Ce beau mois d’avril a pris un goût bien amer en Sicile. Car, à mesure que la météo se faisait plus clémente, les départs s’accéléraient depuis la Libye. La semaine dernière, le triste record de 8000 personnes secourues en mer était atteint. Et plus de 400 morts.

Editorial de Laura Drompt, paru dans Le Courrier, le 18 avril 2015. Cliquez ici pour lire l’article sur le site du journal.

Pour les Européens, la Méditerranée est synonyme de vacances idylliques. Pour d’autres, cette mer rime avec cimetière. Pour une société biberonnée aux trajets confortables, il n’est pas inutile de rappeler la peur que suscite le départ en mer à bord d’un rafiot surpeuplé. Comme le faisait remarquer Maybel dans nos pages de lundi – elle-même rescapée d’une traversée –, on n’osera pas parler de «bateaux».

Les récits de ceux passés par cette épreuve font froid dans le dos: centaines de personnes entassées, parfois attachées par les passeurs afin d’éviter les mouvements de panique; innombrables risques pris par celles et ceux qui embarquent; passagers pris de folie, préférant crever la gomme du zodiaque plutôt que de poursuivre; départs à 240 migrants dont seuls 50 survivent jusqu’à l’arrivée des secours…

Cette réalité-là est presque quotidienne, à deux heures de vol à peine de chez nous. Des hommes, des femmes, des enfants font ainsi les frais d’une stratégie migratoire européenne inhumaine. Car ces vies pourraient être épargnées. Preuve en est: l’opération Mare Nostrum, menée sous commandement italien jusqu’en octobre, a permis de sauver plus de 170’000 personnes en une année.
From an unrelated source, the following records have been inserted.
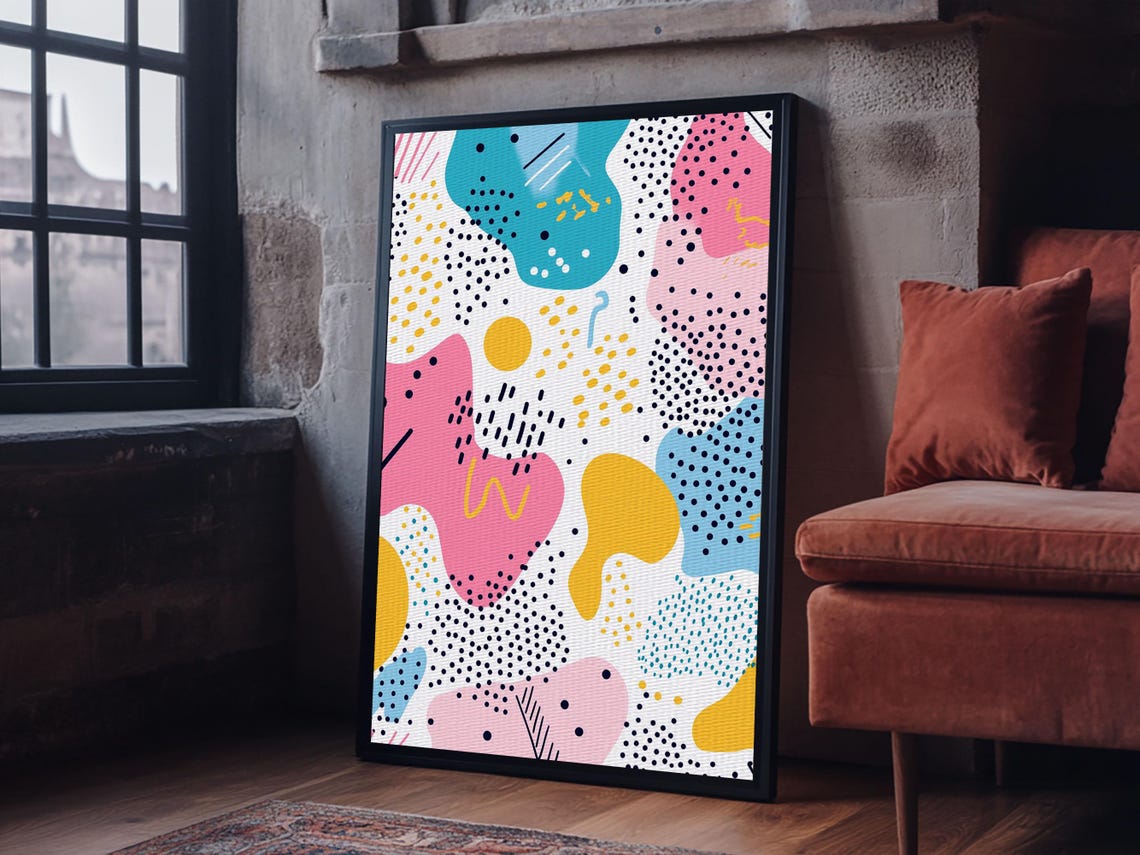 90s Memphis Style Abstract Blobs Dots Pink Blue Yellow Wall Art - Image 5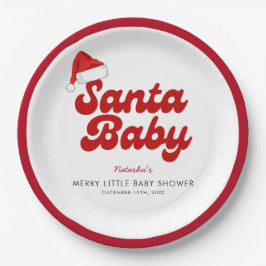 Santa Baby Merry Little Christmas Baby Dusche Pappteller
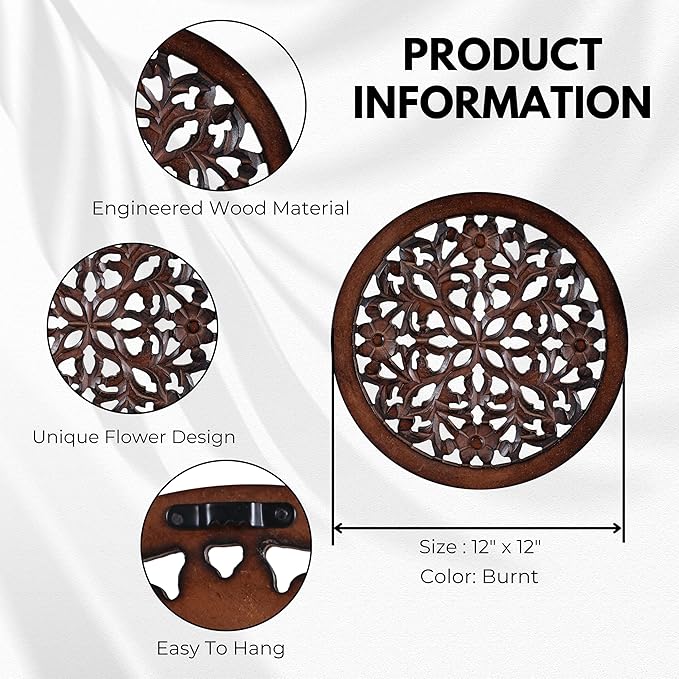 Woodify Hand-Carved Wooden Wall Décor – Set of 2, 12" x 12" Decorative Wood Panels, Floral Design, Natural Burnt Finish, Wall Art for Living Room & Home Décor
Puis l’Europe a demandé à l’Italie d’interrompre cette mission à but humanitaire, sous prétexte qu’elle créait un «appel d’air» pour les migrants. Depuis, l’opération Triton patrouille aux frontières, budget ratiboisé, sous tutelle européenne. Ce changement de cap a fait reculer les navires loin en haute mer, diminuant d’autant les chances pour les esquifs de tenir le coup.

Face à cette tragédie, il est impératif d’enfin prendre ces vies humaines au sérieux, de ne pas réfléchir en nombres et en stratégies pour rendre l’Europe moins attractive.

Manifestement, la menace d’une mort atroce en mer ne freine pas les départs; le problème est donc à prendre en amont. Seule une sécurité, tant économique que politique et sociale, dans leurs pays d’origine sera à même de freiner les flux migratoires. Laisser les requérants d’asile se noyer au large n’est pas une solution. C’est pourtant le chemin entrepris par l’Europe et par la Suisse, qui participe à la fameuse opération Triton.